Shangpin.com, a website that says it sells authorized, current-season international designer and contemporary goods at full price, debuted this month. Milly and Tracy Reese, whose fashions are worn by Michelle Obama, are among 80 brands selling their goods through the site, whose Mandarin name means “fashion” and “quality.”
Sensing opportunity, private-equity firms are investing in Chinese e-commerce. Shangpin has attracted $60 million in capital from international investors including Walt Disney Co.- backed Steamboat Ventures. Warburg Pincus and KPCB China invested $120 million in fashion e-tailer www.xiu.com last year.
These Web-only ventures face several barriers. Brand recognition remains low in China, while shoppers prefer to see the actual products and are leery of receiving counterfeit goods, Burke said. They also are reluctant to spend large sums online, said Claire Chung, a vice president for global business development for Shangpin. The country’s average online transaction size is the equivalent of $31, she said.
“We are going to have a lot of work to do to educate the consumer about Neiman Marcus,” said Katz, 55. “What is important is this message of history, heritage and authenticity because they don’t know our brand.”

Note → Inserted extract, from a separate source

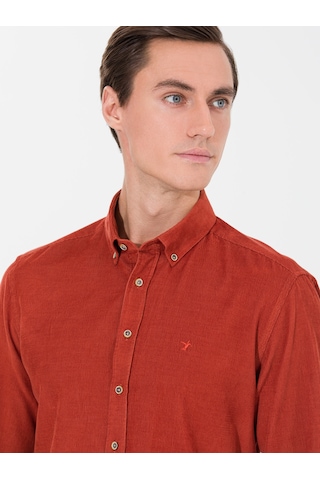 Cacharel Kiremit Slim Fit Uzun Kollu Gömlek Kırmızı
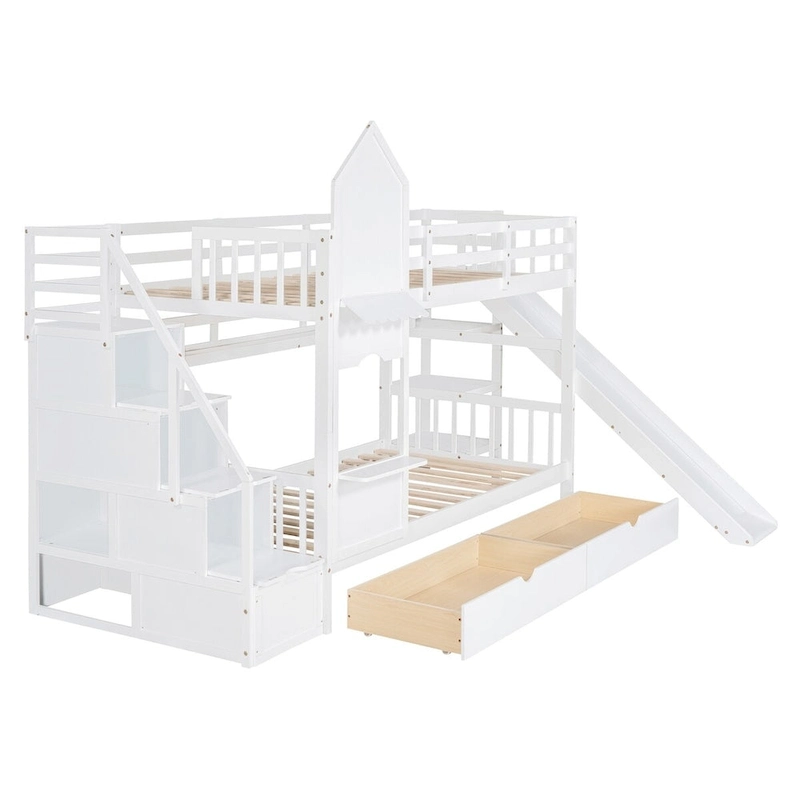 Twin-Over-Twin Castle Style Bunk Bed with Drawers,Shelves,Slide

To that end, the Neiman Marcus site will work to be a kind of personal shopping guide.
Milly NY CEO Andy Oshrin said he had been reluctant to enter the Chinese market before he found the right partner in Shangpin. The e-commerce approach is a better alternative to building the Milly brand in China himself with expensive stores and marketing, he said. Online sales of Milly’s colorful, print dresses already tend to outperform those in stores, he said.

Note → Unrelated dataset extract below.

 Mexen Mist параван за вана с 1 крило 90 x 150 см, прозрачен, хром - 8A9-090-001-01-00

“It was a way to enter China strategically,” Oshrin said.
China has its own tastes and quirks. Shoppers prefer washable clothing because dry cleaning is less available, said Winnie Foon, a Shangpin vice president for global merchandising.
There is greater demand for medium sizes in the northern part of the country, and for small and extra-small in the south. Chinese women love dresses because they don’t require the mixing and matching skills that separate skirts, blouses and slacks do. They traditionally have worn fine jewelry, and are just discovering how to wear fashion jewelry, Foon said.

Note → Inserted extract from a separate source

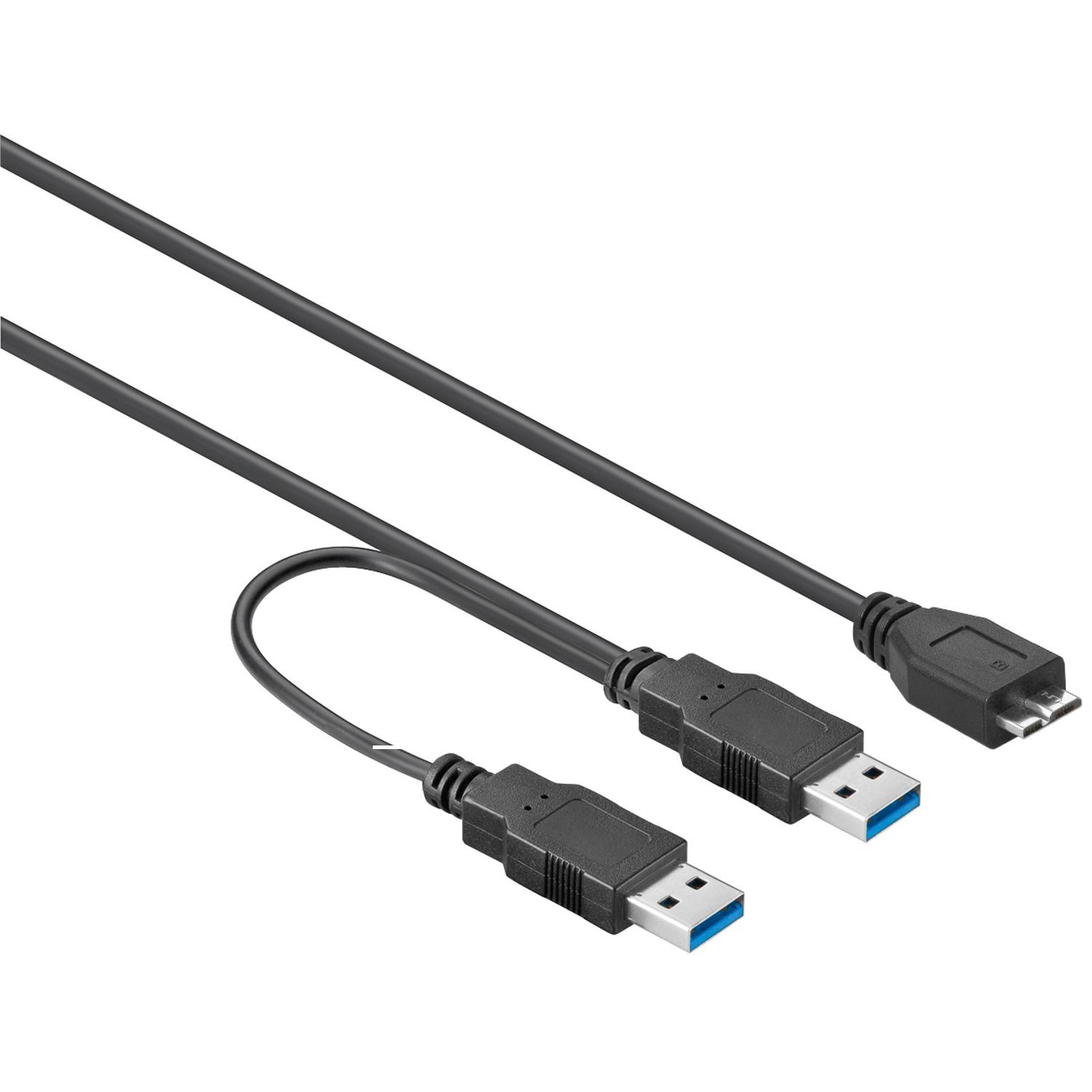 USB-A-auf-USB-Micro-B - 0.3 Meter - Schwarz - Goobay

Www.neimanmarcus.cn will offer full-price, current-season fashions specifically pitched to the Chinese luxury customer by a Shanghai-based chief merchant, Katz said. Because Chinese men are avid luxury consumers, Neiman Marcus’s Chinese Web store will carry a larger assortment of men’s merchandise than the U.S. site. Ditto for shoes and handbags.
While Chinese consumers have been interested in merchandise from well-known brands with logos, they’re learning to be more sophisticated, more “in-the-know,” Katz said.
“That shift really plays into where our strengths are,” she said. “We are great editors of product.”
Shangpin, which is hiring stylists who can provide fashion advice on the phone, is offering free shipping within two days. In major locations, a courier will wait for the customer to try on the items and will take them back if they don’t suit.
“We now have a new generation of Chinese women, of professional women,” Foon said. They are “looking for clothes for the office, for the weekend.”
Designer labels Jimmy Choo, Alexander McQueen and Brunello Cucinelli have signed on to the Neiman Marcus site. They’ll ship their merchandise directly to a warehouse in Shanghai, which will then distribute it to the online customer, Katz said.
It will be difficult for Chinese e-commerce ventures to replicate the customer service that American online shoppers enjoy, including quick delivery to remote locations, and easy returns, said Michael Appel, a director at AlixPartners LLP, a consulting company in New York.
“There is the whole logistical issue,” Appel said. “China is a very big place.”
Still, the Web ventures may benefit from the cooling economy, Appel said. Shoppers who’ve developed a taste for luxury goods may be less likely to go on shopping sprees to foreign or Chinese cities and will shop online instead, he said.